How Climate Models Get Clouds Wrong

Posted on July 23, 2023

How Climate Models Get Clouds Wrong Correct-wrong

Ron Clutz
Science Matters
Why Did IMF Disinvite Nobel Laureate?
CO2 Coalition explains.  Nobel Laureate (Physics 2022) Dr. John Clauser was to present a seminar on climate models to the IMF on Thursday and now his talk has been summarily cancelled. According to an email he received last evening, the Director of the Independent Evaluation Office of the International Monetary Fund, Pablo Moreno, had read the flyer for John’s July 25 zoom talk and summarily and immediately canceled the talk. Technically, it was “postponed.”
Dr.
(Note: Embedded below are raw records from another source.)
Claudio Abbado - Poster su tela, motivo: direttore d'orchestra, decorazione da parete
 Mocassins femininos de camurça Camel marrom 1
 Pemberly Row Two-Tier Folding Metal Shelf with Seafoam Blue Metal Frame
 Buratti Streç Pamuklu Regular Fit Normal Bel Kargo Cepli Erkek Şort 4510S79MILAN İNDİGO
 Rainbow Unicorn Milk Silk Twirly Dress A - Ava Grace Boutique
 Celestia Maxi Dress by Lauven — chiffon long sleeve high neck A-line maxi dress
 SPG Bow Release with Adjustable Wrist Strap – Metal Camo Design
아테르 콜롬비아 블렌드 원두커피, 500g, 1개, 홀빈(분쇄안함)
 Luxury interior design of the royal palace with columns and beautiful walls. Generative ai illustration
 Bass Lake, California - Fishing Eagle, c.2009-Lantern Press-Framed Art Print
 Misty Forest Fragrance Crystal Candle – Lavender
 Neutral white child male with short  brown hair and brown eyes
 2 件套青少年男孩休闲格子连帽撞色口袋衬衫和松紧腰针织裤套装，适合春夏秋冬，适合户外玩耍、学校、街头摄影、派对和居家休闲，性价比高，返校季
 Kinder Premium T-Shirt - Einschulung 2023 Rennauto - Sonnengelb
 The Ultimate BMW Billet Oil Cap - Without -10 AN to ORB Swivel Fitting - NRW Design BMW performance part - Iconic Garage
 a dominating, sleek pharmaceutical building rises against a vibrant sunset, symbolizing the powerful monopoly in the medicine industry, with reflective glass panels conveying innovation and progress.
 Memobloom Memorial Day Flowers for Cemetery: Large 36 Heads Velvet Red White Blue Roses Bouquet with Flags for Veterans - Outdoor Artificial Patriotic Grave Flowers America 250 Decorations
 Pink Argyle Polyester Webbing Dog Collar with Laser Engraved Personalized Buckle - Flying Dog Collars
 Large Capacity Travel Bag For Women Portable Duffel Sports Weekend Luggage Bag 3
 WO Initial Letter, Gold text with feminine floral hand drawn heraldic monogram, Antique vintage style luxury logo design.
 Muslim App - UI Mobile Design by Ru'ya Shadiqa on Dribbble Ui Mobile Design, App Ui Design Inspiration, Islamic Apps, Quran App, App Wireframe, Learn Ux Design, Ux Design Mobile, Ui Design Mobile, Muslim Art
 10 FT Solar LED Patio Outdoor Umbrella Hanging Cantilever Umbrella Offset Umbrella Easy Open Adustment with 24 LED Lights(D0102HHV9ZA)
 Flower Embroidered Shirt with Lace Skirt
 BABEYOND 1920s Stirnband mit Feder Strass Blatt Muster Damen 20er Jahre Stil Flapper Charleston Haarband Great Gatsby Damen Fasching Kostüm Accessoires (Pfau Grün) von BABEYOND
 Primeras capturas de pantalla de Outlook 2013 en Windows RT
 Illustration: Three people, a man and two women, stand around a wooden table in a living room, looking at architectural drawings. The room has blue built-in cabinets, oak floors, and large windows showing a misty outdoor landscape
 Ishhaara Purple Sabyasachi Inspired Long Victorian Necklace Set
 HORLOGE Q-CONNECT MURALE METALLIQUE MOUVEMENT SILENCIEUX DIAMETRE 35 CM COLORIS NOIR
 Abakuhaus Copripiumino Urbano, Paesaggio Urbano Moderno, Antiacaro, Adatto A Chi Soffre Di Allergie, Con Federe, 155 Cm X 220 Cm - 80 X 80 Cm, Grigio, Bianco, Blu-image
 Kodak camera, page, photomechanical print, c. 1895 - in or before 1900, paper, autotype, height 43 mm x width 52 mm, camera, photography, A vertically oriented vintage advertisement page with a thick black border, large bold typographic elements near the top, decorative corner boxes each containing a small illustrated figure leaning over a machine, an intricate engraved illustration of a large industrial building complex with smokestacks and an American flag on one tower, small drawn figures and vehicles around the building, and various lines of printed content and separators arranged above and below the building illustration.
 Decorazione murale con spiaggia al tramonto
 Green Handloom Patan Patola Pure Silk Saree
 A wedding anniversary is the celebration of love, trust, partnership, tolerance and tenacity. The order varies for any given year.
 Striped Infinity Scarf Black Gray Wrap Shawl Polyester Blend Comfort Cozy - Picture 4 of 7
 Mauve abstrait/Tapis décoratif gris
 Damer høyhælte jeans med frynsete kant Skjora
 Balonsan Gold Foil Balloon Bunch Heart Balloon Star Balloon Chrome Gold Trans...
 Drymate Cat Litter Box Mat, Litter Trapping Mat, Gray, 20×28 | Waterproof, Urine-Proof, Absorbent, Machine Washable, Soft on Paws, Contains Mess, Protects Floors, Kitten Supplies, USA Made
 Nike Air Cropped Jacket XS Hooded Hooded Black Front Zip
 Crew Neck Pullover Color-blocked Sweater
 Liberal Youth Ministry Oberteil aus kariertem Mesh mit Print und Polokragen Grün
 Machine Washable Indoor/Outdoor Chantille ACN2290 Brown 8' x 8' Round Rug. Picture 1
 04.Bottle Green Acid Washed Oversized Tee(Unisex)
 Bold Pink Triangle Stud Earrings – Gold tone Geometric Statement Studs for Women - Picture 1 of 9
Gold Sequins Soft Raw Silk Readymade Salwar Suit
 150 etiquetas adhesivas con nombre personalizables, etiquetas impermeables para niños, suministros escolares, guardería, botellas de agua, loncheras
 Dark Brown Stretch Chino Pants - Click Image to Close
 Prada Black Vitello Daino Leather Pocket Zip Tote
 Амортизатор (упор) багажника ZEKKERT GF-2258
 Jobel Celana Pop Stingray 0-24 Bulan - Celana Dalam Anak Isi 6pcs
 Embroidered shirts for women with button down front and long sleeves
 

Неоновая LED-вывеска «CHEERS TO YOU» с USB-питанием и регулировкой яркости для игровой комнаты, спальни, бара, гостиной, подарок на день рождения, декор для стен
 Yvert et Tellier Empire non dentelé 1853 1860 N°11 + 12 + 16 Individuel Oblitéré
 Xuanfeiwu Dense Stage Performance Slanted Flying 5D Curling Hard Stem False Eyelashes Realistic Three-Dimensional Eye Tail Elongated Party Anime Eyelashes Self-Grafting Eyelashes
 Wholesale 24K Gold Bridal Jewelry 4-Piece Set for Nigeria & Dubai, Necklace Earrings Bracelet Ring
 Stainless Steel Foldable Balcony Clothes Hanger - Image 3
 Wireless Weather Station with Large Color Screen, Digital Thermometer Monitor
Clauser had previously criticized the awarding of the 2021 Nobel Prize for work in the development of computer models predicting global warming and told President Biden that he disagreed with his climate policies. Dr. Clauser has developed a climate model that adds a new significant dominant process to existing models. The process involves the visible light reflected by cumulus clouds that cover, on average, half of the Earth. Existing models greatly underestimate this cloud feedback, which provides a very powerful, dominant thermostatic control of the Earth’s temperature.
More recently, he addressed the Korea Quantum Conference where he stated, “I don’t believe there is a climate crisis” and expressed his belief that “key processes are exaggerated and misunderstood by approximately 200 times.” Dr. Clauser, who is recognized as a climate change skeptic, also became a member of the board of directors of the CO2 Coalition last month, an organization that argues that carbon dioxide emissions are beneficial to life on Earth.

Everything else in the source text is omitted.